I love this technique. It’s a reminder of the control we have over our fictional worlds, and a reminder to try different things, be creative, shake up the status quo. Just because you invented the status quo doesn’t mean it should stand. You might decide you liked the scene as it was, but it never hurts to play around.
I was introduced to the technique by a writing teacher of mine. I think I may be making some of this up, but I believe he said that one of his students had written a story in which a character is confronted by a wall. The character turns around. The end.
The teacher suggested that the writer have the character do something else, just to see how that might change the story. The student pushed back. The character couldn’t do anything else. There was a wall in his way.
Hoo boy. I’m sure you can think of other ways to go. If you’re game, don’t read any further. Now, jot down a list of stuff you think the character could do.

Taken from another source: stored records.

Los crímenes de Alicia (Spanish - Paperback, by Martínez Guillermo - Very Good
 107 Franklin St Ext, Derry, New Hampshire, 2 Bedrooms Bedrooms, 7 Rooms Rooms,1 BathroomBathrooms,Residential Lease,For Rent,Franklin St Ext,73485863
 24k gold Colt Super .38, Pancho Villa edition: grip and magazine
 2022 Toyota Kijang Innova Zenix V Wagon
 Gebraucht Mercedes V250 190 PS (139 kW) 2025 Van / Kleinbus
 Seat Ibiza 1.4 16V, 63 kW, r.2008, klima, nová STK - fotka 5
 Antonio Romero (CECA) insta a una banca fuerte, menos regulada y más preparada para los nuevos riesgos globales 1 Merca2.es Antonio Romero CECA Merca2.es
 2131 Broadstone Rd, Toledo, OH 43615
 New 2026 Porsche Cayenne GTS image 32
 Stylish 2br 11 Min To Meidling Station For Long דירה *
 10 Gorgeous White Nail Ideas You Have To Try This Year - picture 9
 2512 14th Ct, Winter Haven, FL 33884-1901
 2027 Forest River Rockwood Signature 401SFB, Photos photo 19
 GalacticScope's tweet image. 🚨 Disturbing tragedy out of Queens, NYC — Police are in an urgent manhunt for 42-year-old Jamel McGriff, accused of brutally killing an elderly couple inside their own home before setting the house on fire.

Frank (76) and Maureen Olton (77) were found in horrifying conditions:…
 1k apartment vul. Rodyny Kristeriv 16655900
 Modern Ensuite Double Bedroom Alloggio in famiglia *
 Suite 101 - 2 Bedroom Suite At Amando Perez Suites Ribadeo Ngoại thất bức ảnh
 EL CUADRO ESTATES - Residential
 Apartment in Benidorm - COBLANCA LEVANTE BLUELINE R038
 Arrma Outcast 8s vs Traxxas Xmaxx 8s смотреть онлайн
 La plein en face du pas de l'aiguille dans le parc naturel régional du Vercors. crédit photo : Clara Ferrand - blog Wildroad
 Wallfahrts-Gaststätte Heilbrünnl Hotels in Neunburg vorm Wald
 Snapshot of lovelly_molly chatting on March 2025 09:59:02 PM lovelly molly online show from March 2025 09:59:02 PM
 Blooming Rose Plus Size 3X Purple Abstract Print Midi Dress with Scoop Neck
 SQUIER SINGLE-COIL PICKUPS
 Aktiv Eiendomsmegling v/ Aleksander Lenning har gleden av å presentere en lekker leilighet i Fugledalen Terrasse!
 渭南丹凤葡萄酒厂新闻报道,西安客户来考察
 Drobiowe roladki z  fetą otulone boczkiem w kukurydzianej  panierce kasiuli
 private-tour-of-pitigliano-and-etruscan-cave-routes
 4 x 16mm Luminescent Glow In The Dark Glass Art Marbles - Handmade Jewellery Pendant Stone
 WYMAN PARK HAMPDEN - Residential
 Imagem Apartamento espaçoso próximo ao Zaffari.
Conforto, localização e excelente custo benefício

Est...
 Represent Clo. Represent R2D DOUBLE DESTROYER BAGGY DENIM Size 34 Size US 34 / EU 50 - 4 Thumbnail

Wasn’t that fun? In case you were stumped, here are some things I think the character could do instead of just turning heel:
1) Climb over the wall
2) Go around the wall
3) Try to go around the wall and fail
4) Break through the wall
5) Try to break through the wall and fail
6) Think about doing 1-5, then change his or her mind and turn around after all
7) Turn around, change his or her mind, and then do any of 1-5
See? Writer’s block, get out of our way!